Libraries provide space and resources for small businesses and entrepreneurs as well as supporting job-seekers in various ways. They also help to develop people’s digital and information literacy, which are both crucial for work in the modern world. Support offered in these areas can enhance the local economy.

  • The Mitchell Library in Glasgow hosted Google’s Digital Garage, an initiative that aims to provide digital skills training, in particular to start-ups and small businesses and people looking to change careers. The aim is to ensure individuals and businesses have the key skills necessary to work and thrive in the modern, digital age. Google has said that businesses who participate in Digital Garage’s see benefits such as improved sales and greater engagement with their social media and websites. The provision of this in the library means that now “thousands of small businesses and individuals” have received training in crucial digital skills they need for work or to grow their business (Scottish Government Digital Strategy, p.10). This also ties in with our points on the work of libraries in supporting digital access and skills.
  • The Scottish Library and Information Council (SLIC) has developed the first-ever national Coworking Network which aims to turn underused public library space in Scotland into places where small businesses and entrepreneurs can come “to work, meet and collaborate in a shared space”. Members of the Scottish Coworking Network can use any library hub in the network for space, online and physical resources, and to hold events and professional development sessions. One example is the recently opened coworking hub in Dundee Central Library, where 8 fixed desks and 5 hot desks are available. These hubs offer important space, equipped with the right resources and surrounded by an abundance of information and books, at an affordable price to help small businesses and entrepreneurs who may otherwise be unable to afford the appropriate space they need to work and grow. By helping to develop and support local people and businesses in this way, public libraries are directly contributing to the local economy and employment.
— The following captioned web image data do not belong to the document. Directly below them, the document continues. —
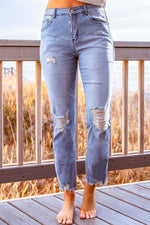 Stylish distressed cropped jeans with slight stretch in a solid pattern, featuring a casual look, photographed in a studio setting.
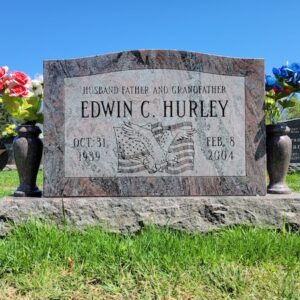 This Single Upright honoring Hurley is a monument with a wide stone, a custom engraved eagle and American flag, with flower urns, in red granite. It is appropriate for use with cremation or traditional interment.
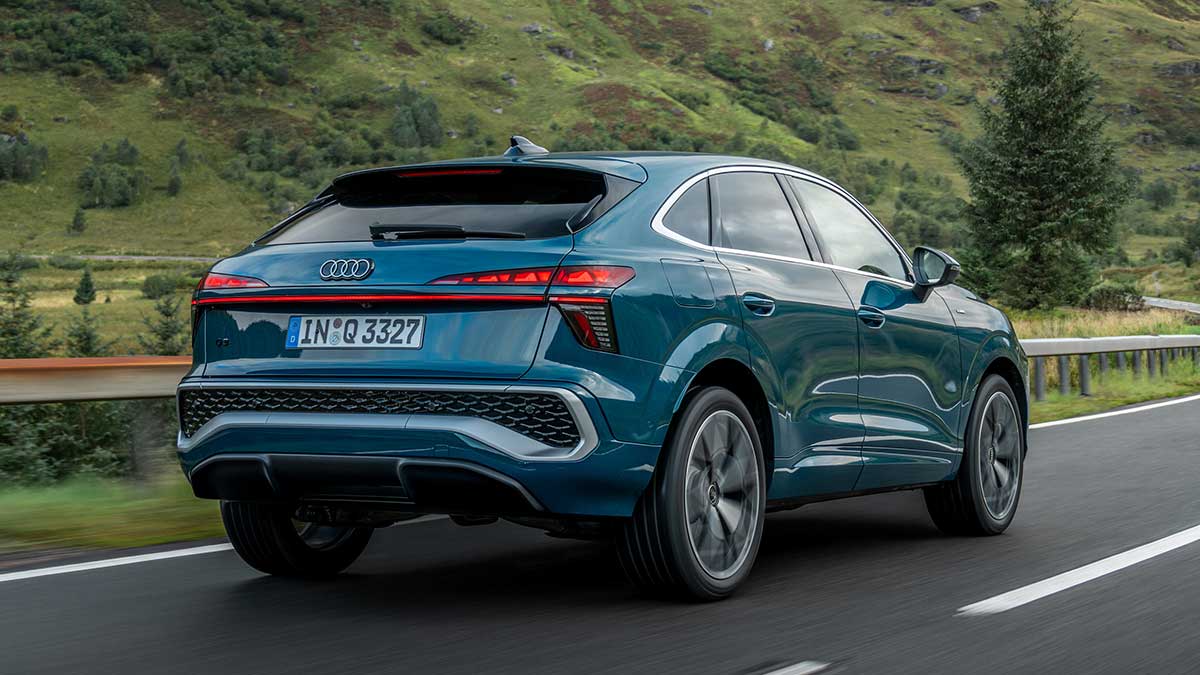 Rear view of blue metallic Audi Q3 small SUV driving on winding road in Scottish Highlands.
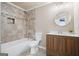 Bathroom with vanity, toilet, bathtub with tile surround at 6665 Flagstone Ct # 918, Cumming, GA 30028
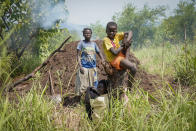A woman, accompanied by children, works on land near to where an unexploded mortar was found, in Moli village, Eastern Equatoria state, in South Sudan Friday, May 12, 2023. As South Sudanese trickle back into the country after a peace deal was signed in 2018 to end a five-year civil war, many are returning to areas riddled with mines left from decades of conflict. (AP Photo/Sam Mednick)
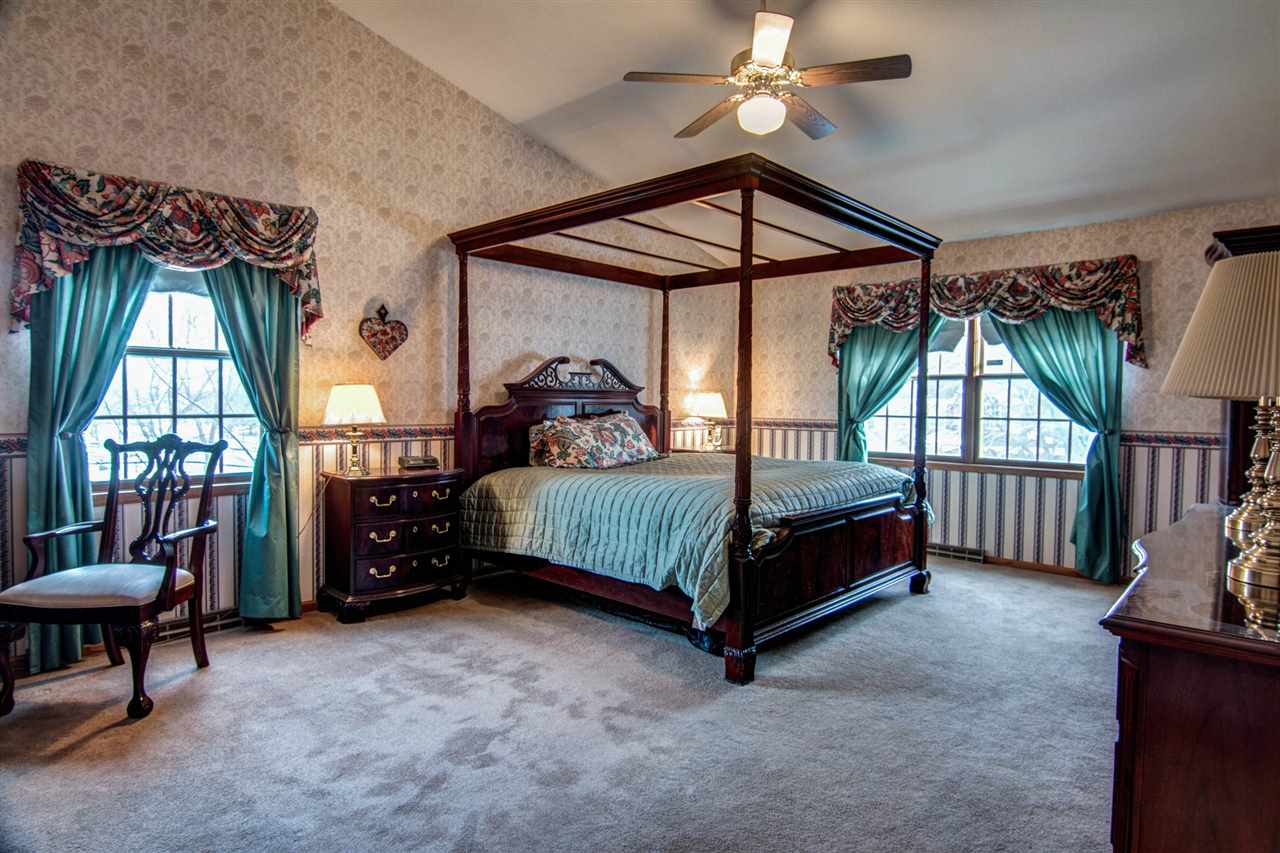 7196 Sentinel Road Rockford, IL 61107 - Photo 13 of 24 a bedroom with a bed a chandelier and a window
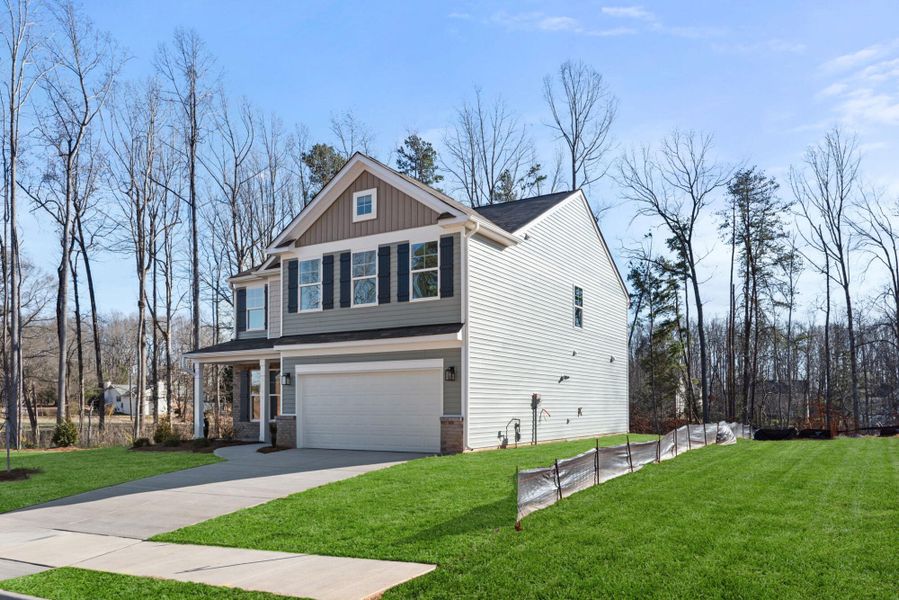 Front exterior of a new home in Chandler Ridge, McLeansville, NC, highlighting curb appeal (Image 2).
  • The Ambition & Opportunity Refresh states that many library services now collaborate with other agencies to offer Employability Hubs (p.14). For example, North Ayrshire offers a number of Employability Hubs across the council area. Several of these are based in libraries, such as the Kilbirnie Library Employability Hub which opened in 2016. These hubs are described as a ‘one-stop-shop’ for people looking for work, offering help with CVs and interview skills, employer workshops, skills sessions, and literacy and numeracy support, amongst other forms of support. Similarly, libraries in Inverclyde offer advice and help for people looking for work, changing careers, or seeking to get ahead in their current role. They can support people to find the help they need to develop their interview skills and create a CV. Work Clubs are also held in a number of libraries across Inverclyde each week and these focus on things such as developing attendees’ IT skills and writing CVs.